Conseil de Province

Conseil de Province
CONSENSUS SUR LES PERSPECTIVES D’AVENIR

 

Traditionnellement, le Conseil du mois de janvier a un ordre du jour chargé. Une durée plus longue permet, en effet,  de procéder à des évaluations et de réfléchir à des orientations d’action. Si celui-ci n’a pas dérogé à cette habitude, il a cependant été marqué par l’importance des questions abordées. Dans la sérénité et le consensus.  

 

La réorganisation de la congrégation est une urgence

Le changement s’impose.
C’est une des grandes questions à l’ordre du jour du Chapitre général.
Après un large tour de table, il apparaît que tout le monde s’accorde sur la pertinence de la démarche  et l’urgence de la question En effet les structures actuelles apparaissent chaque jour de plus en plus inadaptées. Le cadre juridique des Provinces regroupe des réalités très diversifiées (nombre de religieux, étendue des territoires, capacités économiques) ; certaines sont moribondes, d’autres paraissent plus solides, mais est-ce si sûr ? Les réalités continentales sont elles-mêmes très différenciées. 
La mondialisation et la globalisation obligent à repenser nos modes d’organisation, d’autant plus que la congrégation n’a pas les ressources, ni économiques ni humaines, pour poursuivre dans les structures actuelles.

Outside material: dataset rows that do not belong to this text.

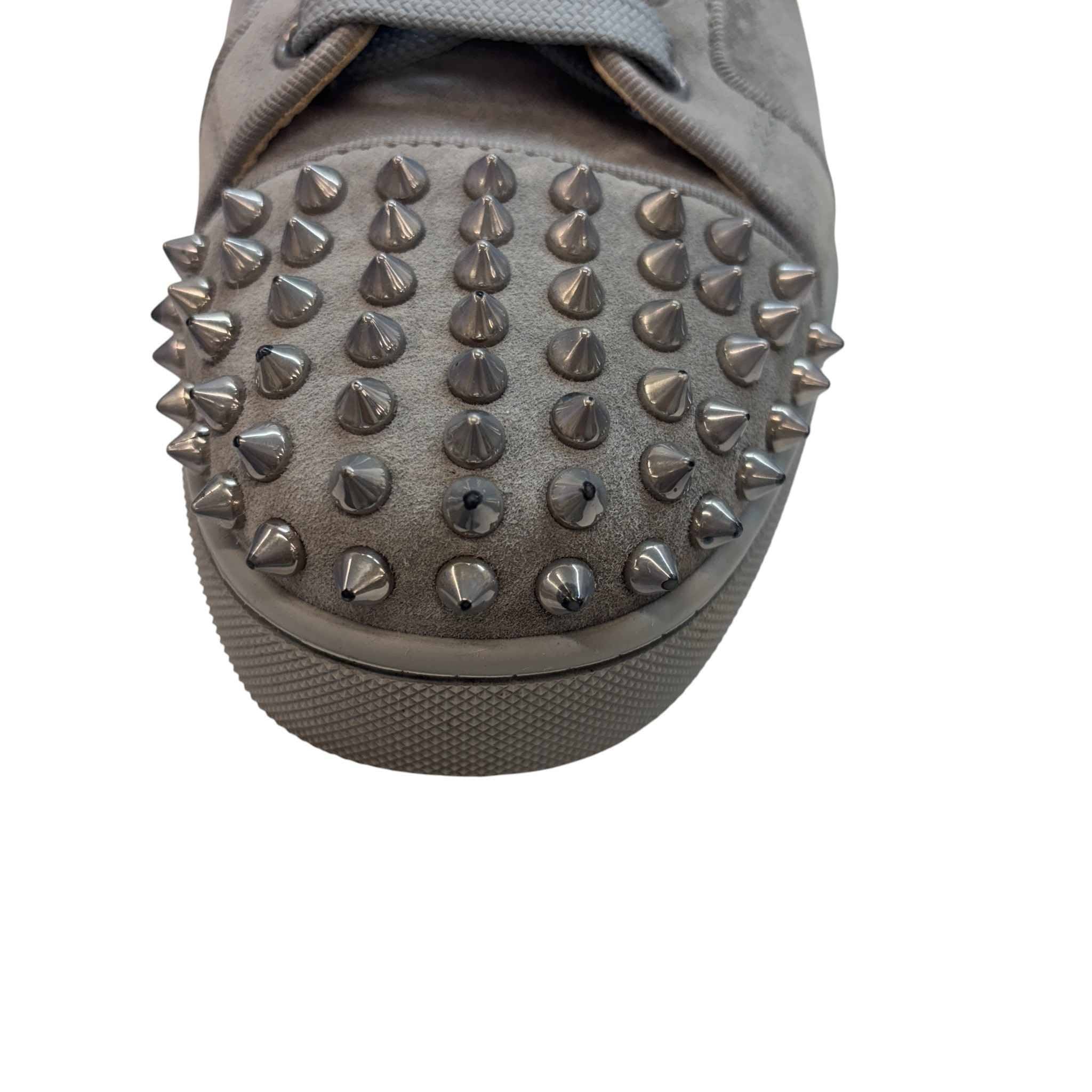 Men's Louis Junior Spikes Flat Low Trainers Grey Size EU 42 / UK 8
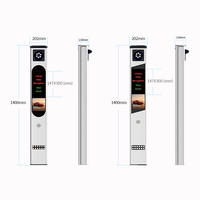Solutions de contrôle d'accès d'entrée et de sortie Système de paiement de parking automatique intelligent Système de capteur de porte de barrière de stationnement
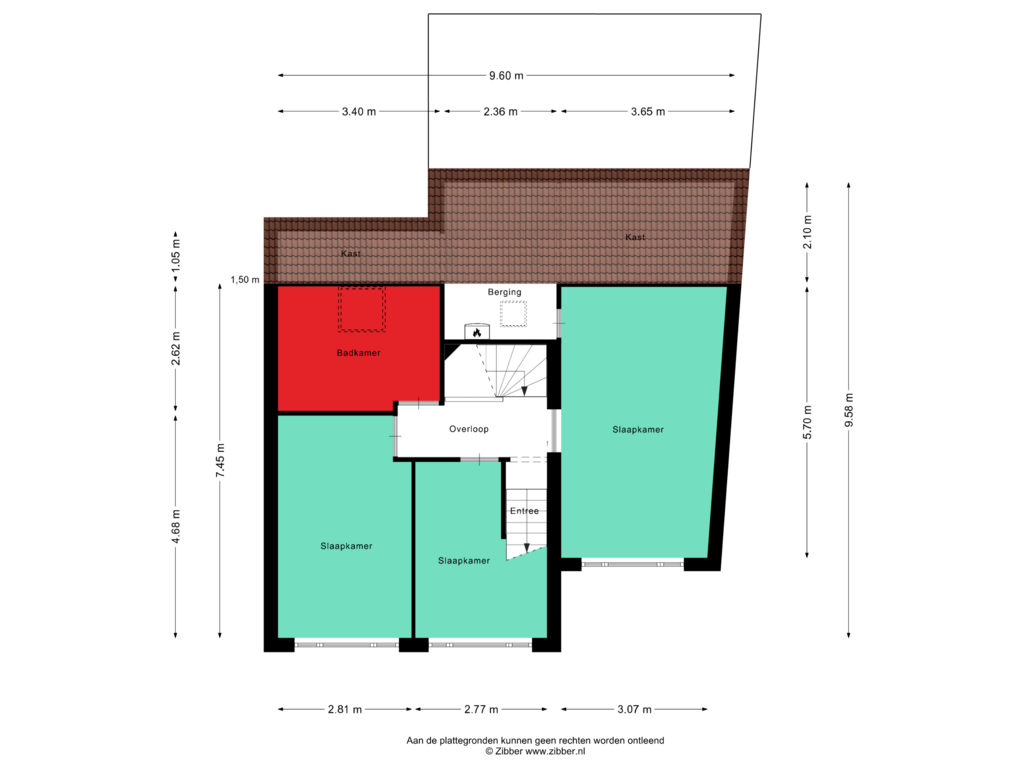 Bekijk plattegrond van Eerste Verdieping van Mekelenkamplaan 38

Quels critères pour inventer autre chose ? 
Il est important que la réorganisation ait un objectif : la vie religieuse et le dynamisme missionnaire. Il faut unifier la mission de la congrégation et répondre à la question « Quelle(s) mission(s) pour aujourd’hui ? ».
Il faut lui donner un corps solide, en évitant les trop grandes ruptures et en ménageant des périodes de transition. Que les nouvelles structures ne fragilisent pas les nouvelles fondations, et s’efforcent de promouvoir l’unité de la famille assomptionniste et de maintenir une certaine proximité entre les supérieurs et les religieux.

Un schéma possible
Sans ignorer les difficultés d’animation et d’organisation qu’une telle évolution suppose, il peut être intéressant d’imaginer une répartition de la congrégation par unités continentales (sauf l’Asie, encore trop jeune et trop fragile). Chaque supérieur continental serait en même temps assistant du Général. Pour son territoire, il serait lui-même assisté d’adjoints, de conseils, ou de délégués en fonction des régions et des missions spécifiques sous sa responsabilité. Une telle évolution pourrait maintenir une grande souplesse pour faciliter les relations transversales, comme maintenant entre la France, l’Afrique et Madagascar.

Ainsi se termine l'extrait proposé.